Ukraine: Parliament Should Reject Intrusive NGO Measure
In response to a draft law that would require anti-corruption organizations in Ukraine and their staff members to make detailed financial disclosures to authorities, Freedom House issued the following statement:
“Ukraine’s Rada should reject the draft law that under the guise of ‘transparency' would bring intrusive government monitoring of NGOs, activists, and their families,” said Matthew Schaaf, project director for Ukraine and Eurasia LGBTI Initiatives. “The measure, draft law 5318, makes anti-corruption organizations potential targets for government intimidation and harassment.”
Draft law 5318, introduced by Rada Deputy Yuri Derevyanko on October 28, calls for the National Anticorruption Bureau to develop a list of civic organizations working on preventing or combating corruption. Employees and others paid by the organizations, such as consultants, would be required to submit public declarations of income and assets as well as provide declarations of the income and assets of their family members, much the same as Rada Deputies, judges, and other government officials are now required. Derevyanko told reporters the law targeted “fake activists” and would encourage international donors to “contribute more, if they knew that everything was accountable and transparent.”
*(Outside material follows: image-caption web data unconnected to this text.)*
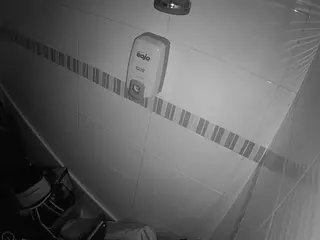 voyeurcam-jb-shower-7's Live Sex Cam Show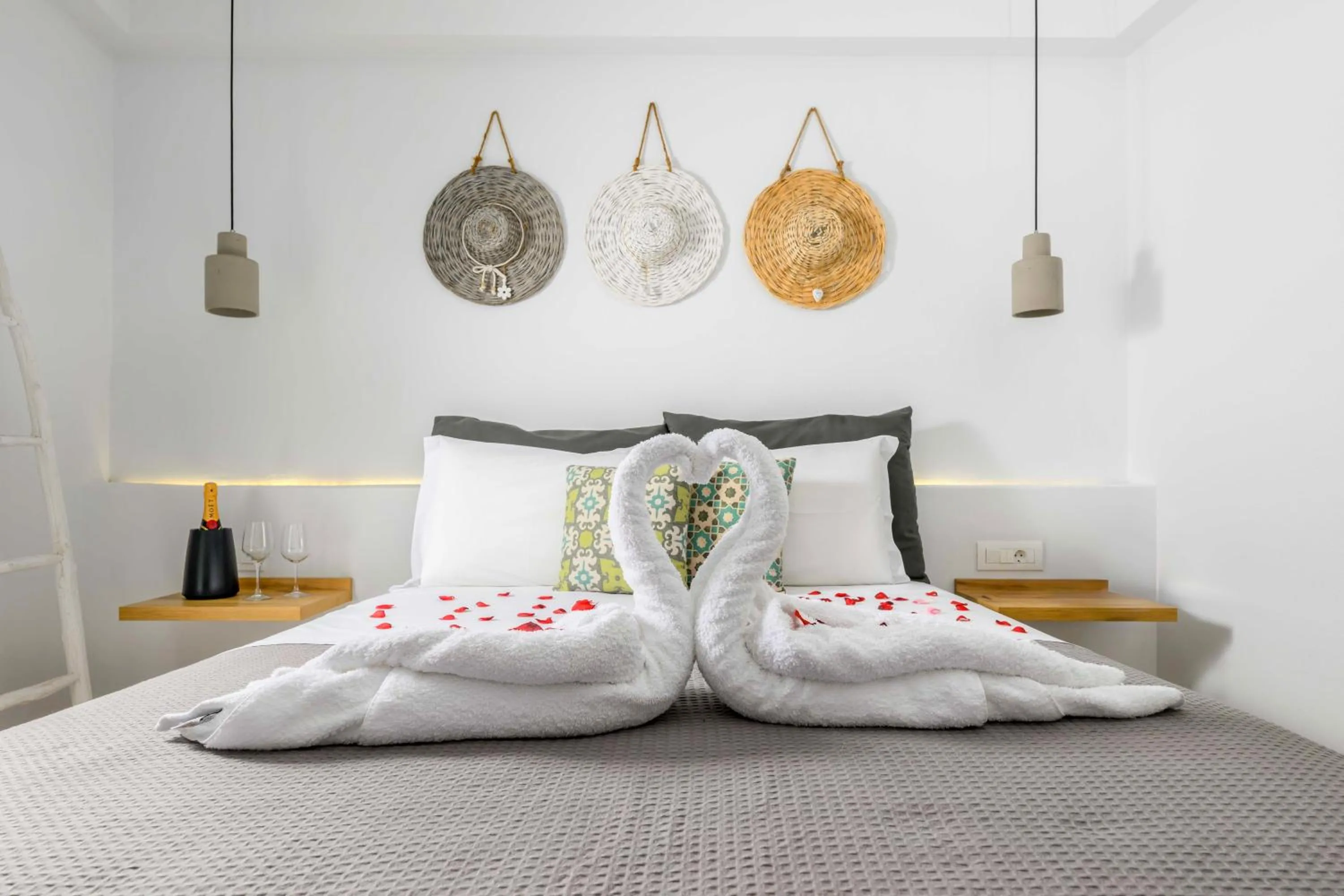 Bedroom, Bed in Margaret of Naxos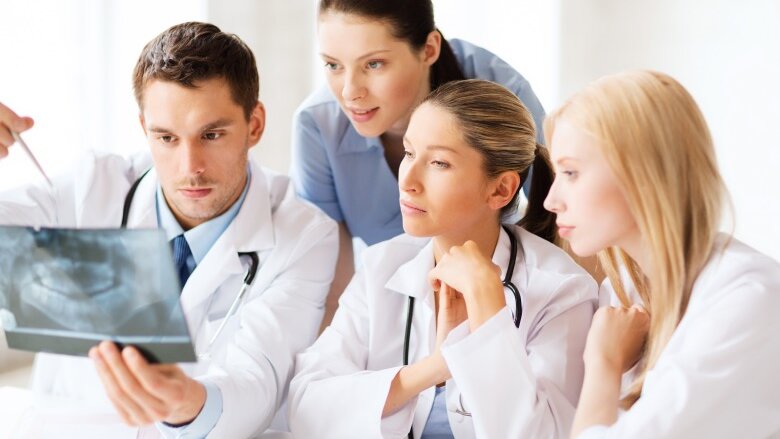 Londra: medicii dentiști vor fi redirecționați către munca în spitale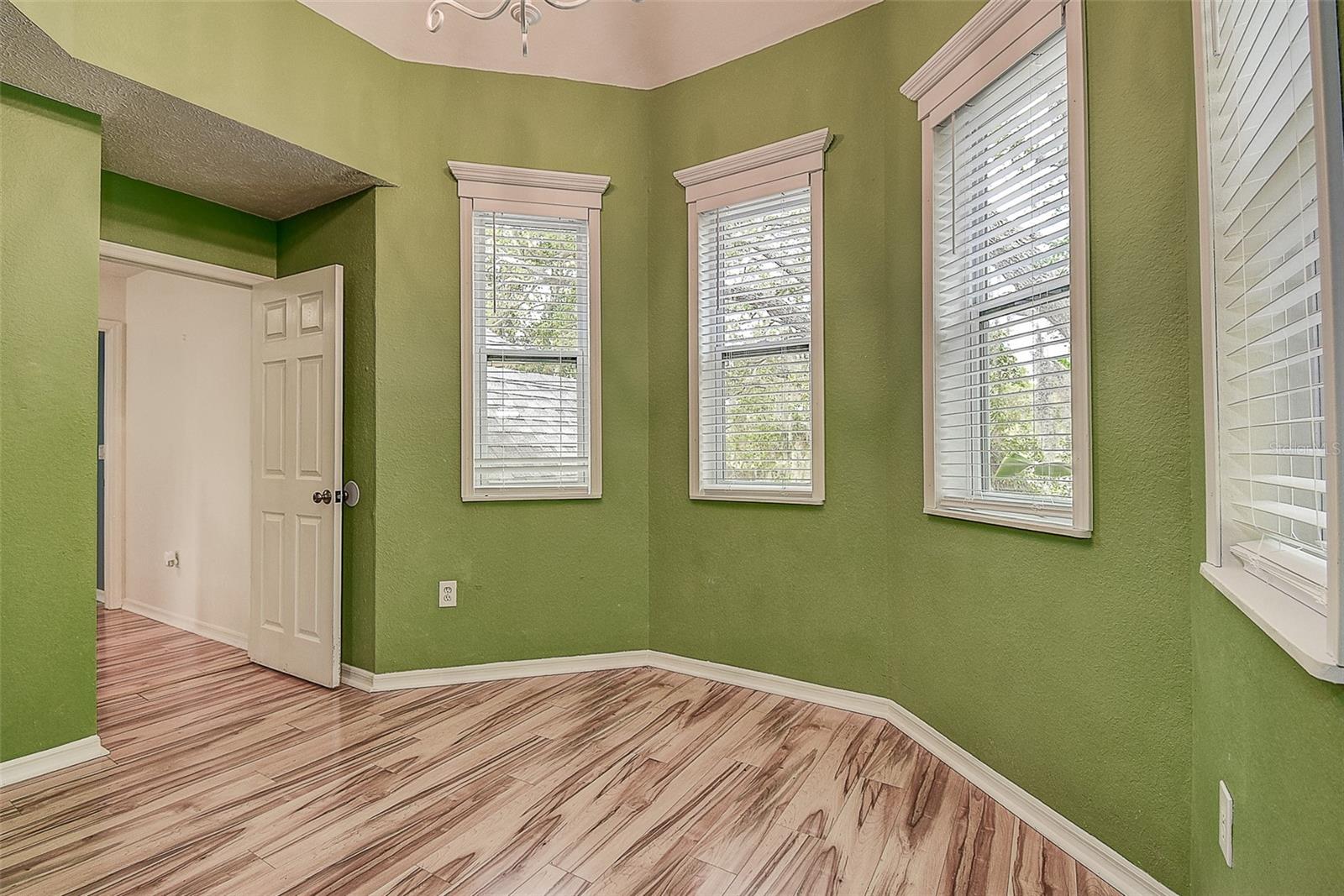510 WIDEVIEW AVE — photo 25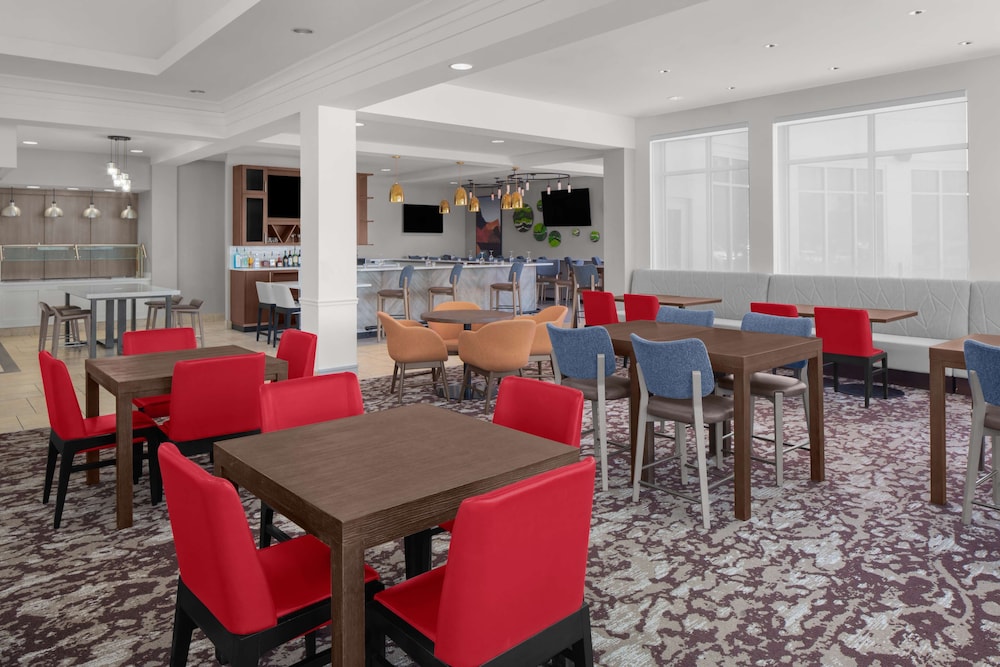 HILTON GARDEN INN SALT LAKE CITY AIRPORT 53/77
Ukraine is rated Partly Free in Freedom in the World 2016, Partly Free in Freedom of the Press 2016, Partly Free in Freedom on the Net 2015, and receives a democracy score of 4.68 on a scale of 1 to 7, with 7 being the worst possible score, in Nations in Transit 2016.
Freedom House is an independent watchdog organization that supports democratic change, monitors the status of freedom around the world, and advocates for democracy and human rights.